Esses dados nos permitem afirmar, sem hesitação, que pouco a pouco vai diminuindo o número daqueles que acham necessário o artigo antes do nome desta cidade. Não podemos dizer que eles estejam errados, é claro - mas hoje a forma preferível é SEM o artigo. É completamente despropositado que uma minoria em extinção procure condenar aquilo que a maioria culta já decidiu há muito tempo. Ah, outra coisa: lembro que, nesses casos, a posição que adotarmos quanto ao artigo vai naturalmente ter seus reflexos na crase. Quem não usa artigo vai a França, a África, a Haia; quem o usa, vai à França, à África e à Haia."

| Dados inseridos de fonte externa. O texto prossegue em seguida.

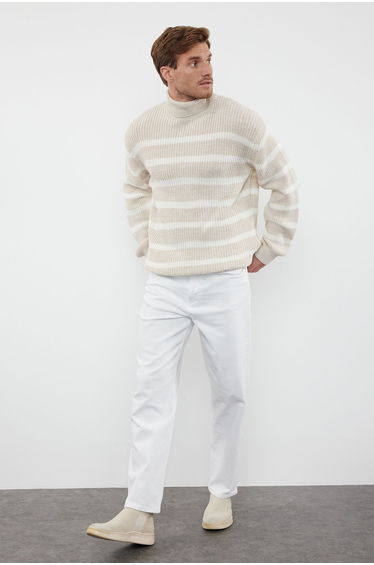 Beige FL Oversize Turtleneck Striped Knitwear Sweater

Fonte: sítio "Sua Língua".

Paulo Araujo disse...

Em Recife, quem não diz 'no Recife' demonstra logo que não é recifense.
Interessante, e não sei explicar a razão, dizemos 'em Portugal, em Cabo Verde, em Angola, em São Tomé e Príncipe, em Timor e em Moçambique',mas dizemos 'no' ou 'na' para todos os demais países (inclusive Guiné), se não me falha a memória. Dizer 'estive em França' será considerado pernóstico e dizer 'estive no Portugal' será inusitado .

Virgínia disse...

Se nos ativermos ao critério do número de falantes que diz ou escreve determinada coisa (a famosa abordagem de "mero registo" ou "mera observação", típica da Linguística), muitos dos comentários do Helder (e de todos nós) deixarão de fazer sentido.

Quando um topónimo tem artigo na língua original, não me parece que devamos soçobrar na dúvida. A preferência pessoal também me parece critério difícil de aceitar num caso destes. Existe uma explicação para a ocorrência de artigo nalguns topónimos portugueses, mas não vou aqui alongar-me sobre o assunto, que todos devem, de resto, conhecer.

E quem disse que os escritores foram sempre utilizadores exímios da sua própria língua, para brandirmos a sua prosa como exemplo a seguir cegamente? Não é conhecida a polémica entre Camilo C. Branco (que, claramente, não tinha razão, mas não queria dar o braço a torcer) e Carlos de Laet sobre a frase, do punho de Camilo, "houveram coisas terríveis"? O argumento da autoridade dos grandes cultores da Língua deve ser usado com parcimónia...

Quanto a "Águia da Haia", não deveria chocar-nos mais do que "Águia do Porto". Mas esta é, claro está, a minha humilde opinião.

Se formos aos "corpora" pesquisar frequências de ocorrência para muitas das coisas que corrigimos, deixaremos de as corrigir, rendidos aos números...

Por mim, tal como corrijo "em Porto", continuarei a corrigir "em Haia", alheia ao número dos que desconhecem que os topónimos Porto e Haia têm artigo.

Anónimo disse...

Se nem os grandes mestres do idioma nem o uso que têm feito os falantes comuns servem para definir o que é certo e errado nessa questão, fica a dúvida: QUEM determinou que Haia deveria ter artigo? A senhora revisora? Algum gramático de renome? Em qualquer dois casos, há argumentação que sustente essa escolha, ou é mera imposição?
A mim parece-me que estamos diante de mais um ranço gramatiquesco sem fundamento. E bater o pé e dizer que "Haia leva artigo" é tão válido quanto dizer, simplesmente, "Haia não leva artigo. Opinião de um contra opinião de outro. Repiso: quem determinou e com que critério?